Andrew Jackson – 1835
In January 1835, an unemployed house painter named Richard Lawrence pulled out a pistol and fired at President Andrew Jackson, who was attending a funeral. The gun misfired. Lawrence pulled out a second pistol. Jackson charged the assailant with his walking cane. The second gun misfired, and Jackson whipped the attacker with his cane before the attacker was arrested.
Lawrence, originally born in England, was mentally unstable and believed he was a long-lost heir to the British throne and that Jackson alone stood in the way of his claiming his crown. Lawrence was found not guilty by reason of insanity and spent the rest of his life in a mental institution.
The 1830s was an era of extreme partisanship which may have affected Lawrence. Earlier in January, South Carolina senator John C. Calhoun reportedly declared that Jackson was “a Caesar who ought to have a Brutus.” At the end of his Presidency in 1837, Jackson was asked if he had any regrets. “Yes,” he replied. “I regret I was unable to shoot Henry Clay or to hang John C. Calhoun.”
Teddy Roosevelt - 1912
Teddy Roosevelt (“TR”) ascended to the Presidency in 1901 upon McKinley’s assassination. He won re-election in 1904 and declined to run again in 1908. TR challenged his successor, William Taft, in the 1912 Republican primaries. After Taft won the Republican nomination, Roosevelt mounted a third-party challenge. In the general election, Taft and TR split the Republican vote, allowing Woodrow Wilson to be elected President.
In October, 1912, Roosevelt was staying at a Milwaukee hotel where he planned to give a speech. Former saloonkeeper John Schrank followed Roosevelt into the hotel and shot him. The bullet lodged in TRR’s chest after hitting his steel eyeglass case and a 50-page copy of his speech. The crowd was ready to pummel the assassin when Roosevelt, who was still standing, directed the crowd to leave him to the police.
Schrank claimed that he was opposed to a third term. He also said that William McKinley’s ghost had visited him in a dream and told him to avenge his assassination by killing Roosevelt. He was found not guilty by reason of insanity and remained institutionalized for the rest of his life.
Amazingly, Roosevelt, despite bleeding from the chest, gave his speech entitled, “Progressive Cause Greater Than Any Individual.” He started the speech with this comment: “Ladies and gentlemen, I don’t know whether you fully understand that I have just been shot, but it takes more than that to kill a Bull Moose.” He spoke for over an hour! Click here to view the text of his speech. And click here for a short video from the history channel.

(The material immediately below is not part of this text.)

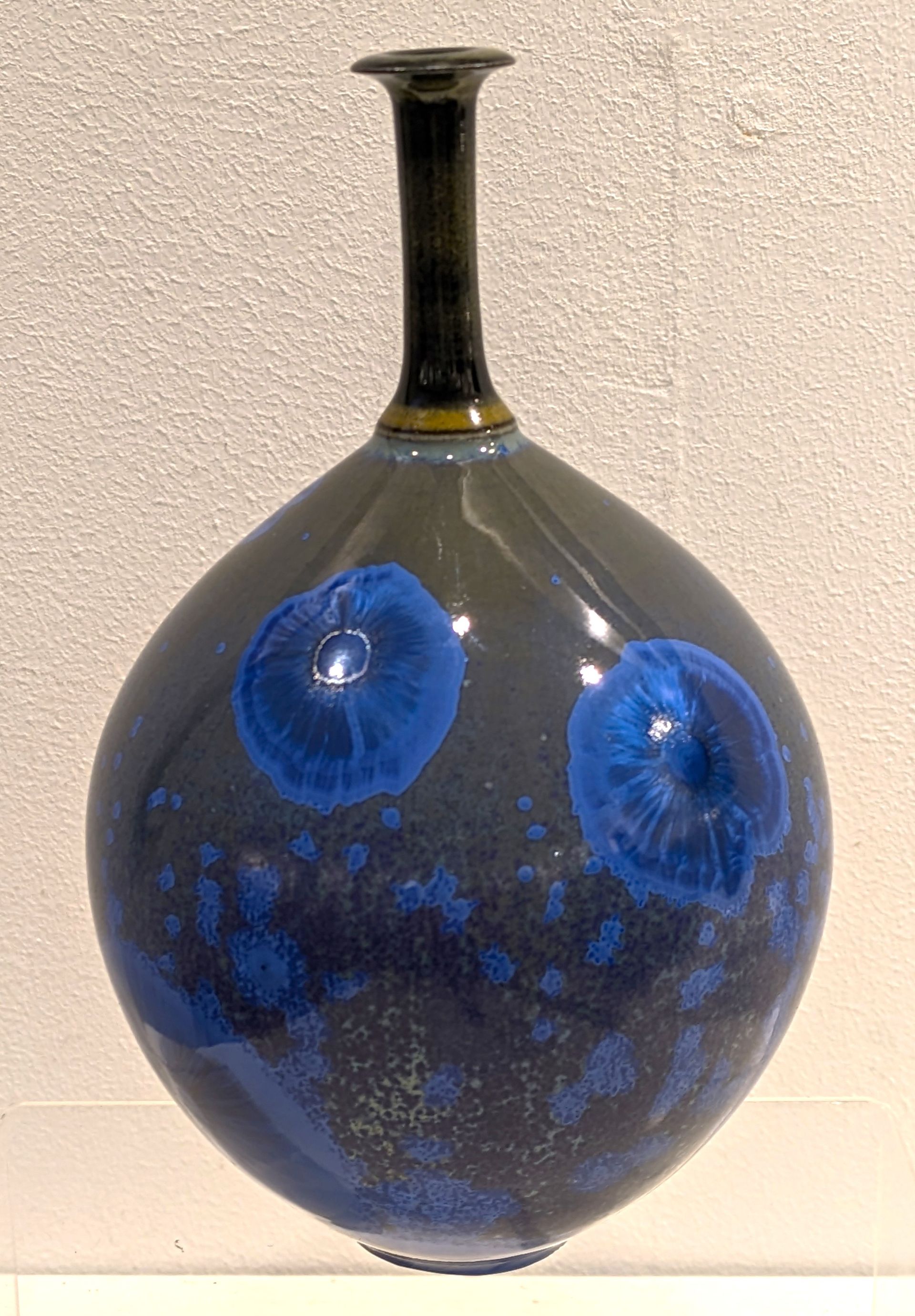 CNW Black and Mid Blue Purple Glaze Bottle Form 17cm x 11cm SOLD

Doctors decided it was less dangerous to leave the bullet in place than to remove it, and TR carried the bullet within him for the rest of his life.
Franklin Delano Roosevelt - 1933
February 15, 1933: Seventeen days before Roosevelt’s first presidential inauguration, an Italian immigrant named Giuseppe Zangara fired five shots at Roosevelt in Miami, Florida. His shots missed the president-elect but mortally wounded Chicago Mayor Anton Cermak and injured four other people.
Cermak died 19 days later. This line is on his tomb: “I’m glad it was me, not you.” He allegedly said this after Zangara shot him.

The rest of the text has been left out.